I also want to measure/quantify how much longer it actually takes.
I couldn't find anything useful on google and I have trouble measuring it myself plus interpret what I measure because of the many things that can happen on a modern processor.
(reordering, prefetching, buffering and god knows what)
Details:
My basic process of measuring it is roughly as follows:
write soemthing to the cacheline on processor 0
read it on processors 1 to n.
rdtsc
write it on process 0
rdtsc
I am not even sure which instructions to actually use for read/write on process 0 in order to make sure the write/invalidate is finished before the final time measurement.
At the moment I fiddle with an atomic exchange (__sync_fetch_and_add()), but it seems that the number of threads is itself important for the length of this operation (not the number of threads to invalidate) -- which is probably not what I want to measure?!.
I also tried a read, then write, then memory barrier (__sync_synchronize()). This looks more like what I expect to see,
but here I am also not sure if the write is finished when the final rdtsc takes place.
As you can guess my knowledge of CPU internals is somewhat limited.
Any help is very much appreciated!
ps:
* I use linux, gcc and pthreads for the measurements.
* I want know this for modeling a parallel algorithm of mine.
Edit:
In a week or so (going on vacation tomorrow) I'll do some more research and post my code and notes and link it here (In case someone is interested), because the time I can spend on this is limited.
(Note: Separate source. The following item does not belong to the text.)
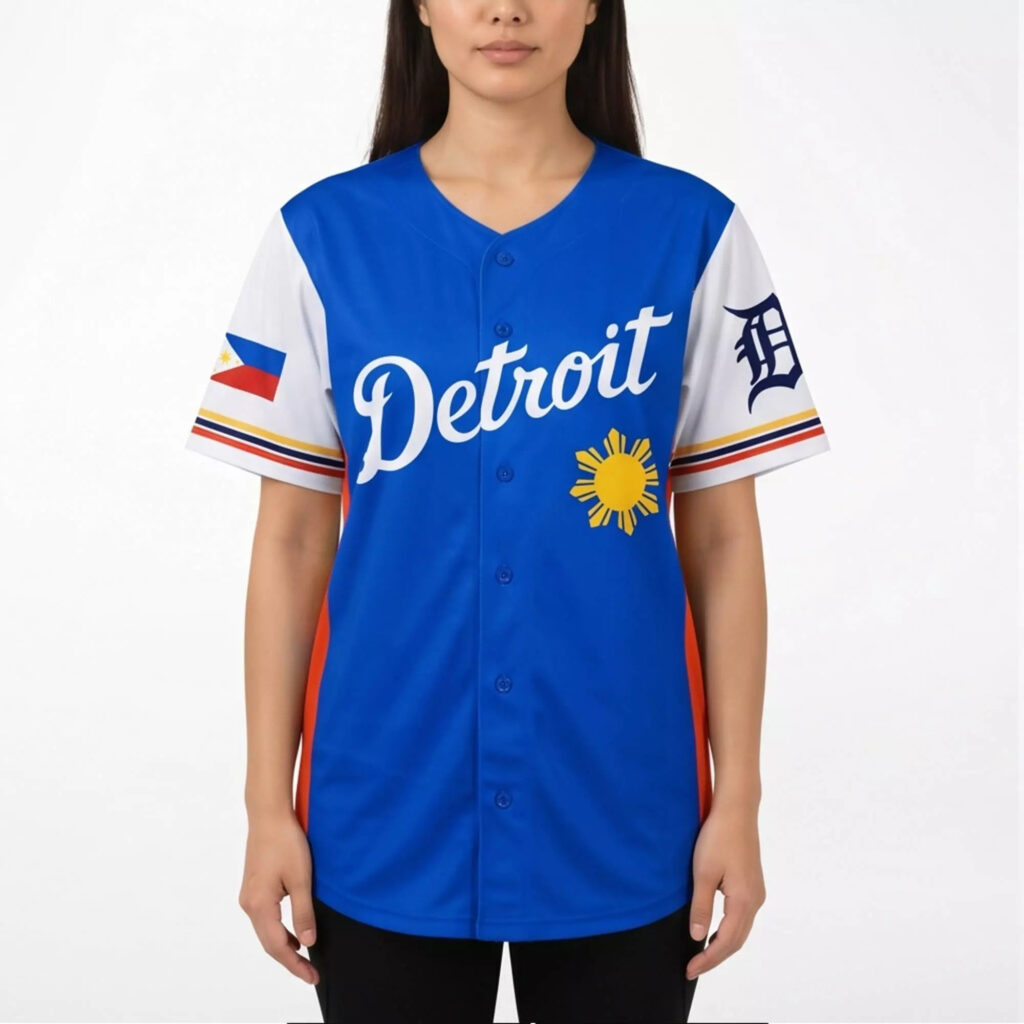 2026 Tigers Filipino Heritage Jersey Giveaway 3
I started writing a very long answer, describing exactly how this works, then realized, I probably don't know enough about the exact details. So I'll do a shorter answer....
So, when you write something on one processor, if it's not already in that processors cache, it will have to be fetched in, and after the processor has read the data, it will perform the actual write. In doing so, it will send a cache-invalidate message to ALL other processors in the system. These will then throw away any content. If another processor has "dirty" content, it will in itself write out the data, and ask for an invalidation - in which case the first processor will have to RELOAD the data before finishing its write (otherwise, some other element in the same cacheline may get destroyed).
Reading it back into the cache will be required on every other processor that is interested in that cache-line.
The __sync_fetch_and_add() wilol use a "lock" prefix [on x86, other processors may vary, but the general idea on processors that support "per instruction" locks is roughtly the same] - this will issue a "I want this cacheline EXCLUSIVELY, everyone else please give it up and invalidate it". Just like the first case, the processor may well have to re-read anything that another processor may have made dirty.
A memory barrier will not ensure that data is updated "safely" - it will just make sure that "whatever happened (to memory) before now is visible to all processors by the time this instructon finishes".
The best way to optimize the use of processors is to share as little as possible, and in particular, avoid "false sharing". In a benchmark many years ago, there was a structure like [simplifed] this:
struct stuff {
int x[2];
... other data ... total data a few cachelines.
} data;
void thread1()
{
for( ... big number ...)
data.x[0]++;
}
void thread2()
{
for( ... big number ...)
data.x[1]++;
}
int main()
{
start = timenow();
create(thread1);
create(thread2);
end = timenow() - start;
}
Since EVERY time thread1 wrote to the x[0], thread2's processor had to get rid of it's copy of x[1], and vice versa, the result is was that the SMP test [vs just running thread1] was running about 15 times slower. By altering the struct like this:
struct stuff {
int x;
... other data ...
} data[2];
and
void thread1()
{
for( ... big number ...)
data[0].x++;
}
we got 200% of the 1 thread variant [give or take a few percent]
Right, so the processor has queues of buffers where write operations are stored when the processor is writing to memory. A memory barrier (mfence, sfence or lfence) instruction is there to ensure that any outstanding read/write, write or read type operation has completely been finished before the processor proceeds to the next instruction. Normally, the processor would just continue on it's jolly way through any following instructions, and eventualy the memory operation becomes fulfilled some way or another. Since modern processors have a lot of parallel operations and buffers all over the place, it can take quite some time before something ACTUALLY trickles through to where it eventually will end up. So, when it's CRITICAL to make sure that something has ACTUALLY been done before proceeding (for example, if we have written a bunch of instructions to the video memory, and we now want to kick off the run of those instructions, we need to make sure that the 'instruction' writing has actually finished, and some other part of the processor isn't still working on finishing that. So use an sfence to make sure that the write has really happened - that may not be a very realistic example, but I think you get the idea.)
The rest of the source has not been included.